Deputy police commissioner Rob Pope was told not to reapply for his job – prompting his decision to "retire".
But then there's a VERY interesting revelation:
The contract of the 36-year veteran is due to expire on April 3 and he had wanted to stay on until August 2012 to make the most of his superannuation scheme.
But Police Minister Judith Collins declined – and told him that to agree would make her "a corrupt minister".
One can only concur with Judith Collins' decision here. Rob Pope may indeed have had a long record of service with the police, but to work the system to ensure he maximised his superannuation would have been completely wrong.

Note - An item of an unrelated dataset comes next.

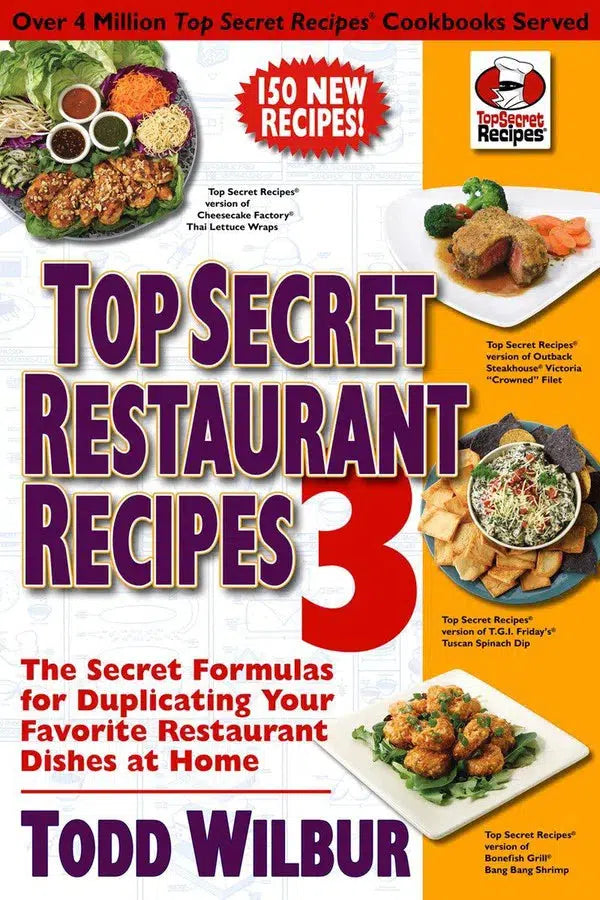 Top Secret Restaurant Recipes 3-Cookery / food and drink / food writing-買書書 BuyBookBook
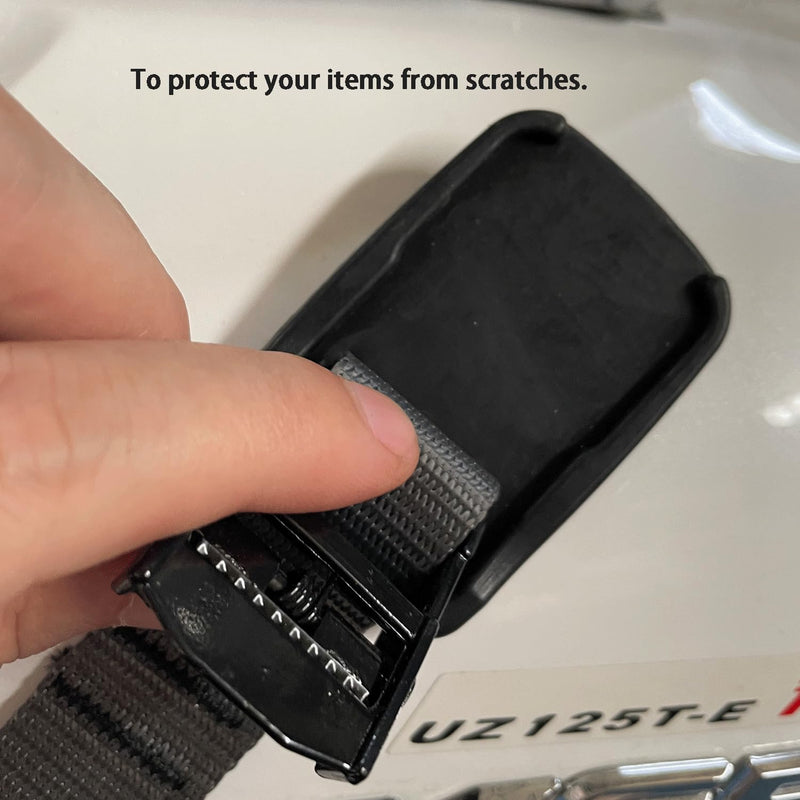 [Australia - AusPower] - Lashing Straps with Cam Buckle Black (Grey (4-Pack), 4 Feet) Grey (4-Pack)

And it seems as though Collins is determined to have a cleanout at the top of the New Zealand Police, bringing in a new adminsitration untainted by the issues which have dogged police for some time. The story continues:
The Dominion Post reported in July how his boss, Commissioner Howard Broad, was also told by Ms Collins that he would not be reappointed. He then issued a statement saying he had not sought to extend his tenure and would leave in April.
Mr Pope was promoted at the same time as Mr Broad, in April 2006, both on a five-year contract.
Ms Collins hinted about Mr Pope's future this month when she said creating a culture change would be a key element in her decision on whom to appoint deputy commissioner.
It is also thought new commissioner Peter Marshall did not want to work with him.
Peter Marshall will need to build his own team, and for that team to be effective, it will have to be comprised of people who enjoy his confidence. Clearly Rob Pope did not fit that category. On that basis, Judith Collins' candour towards Rob Pope is both understandable and, in our ever-humble opinion, absolutely right. There could yet be hope for "Bullshit Castle"!!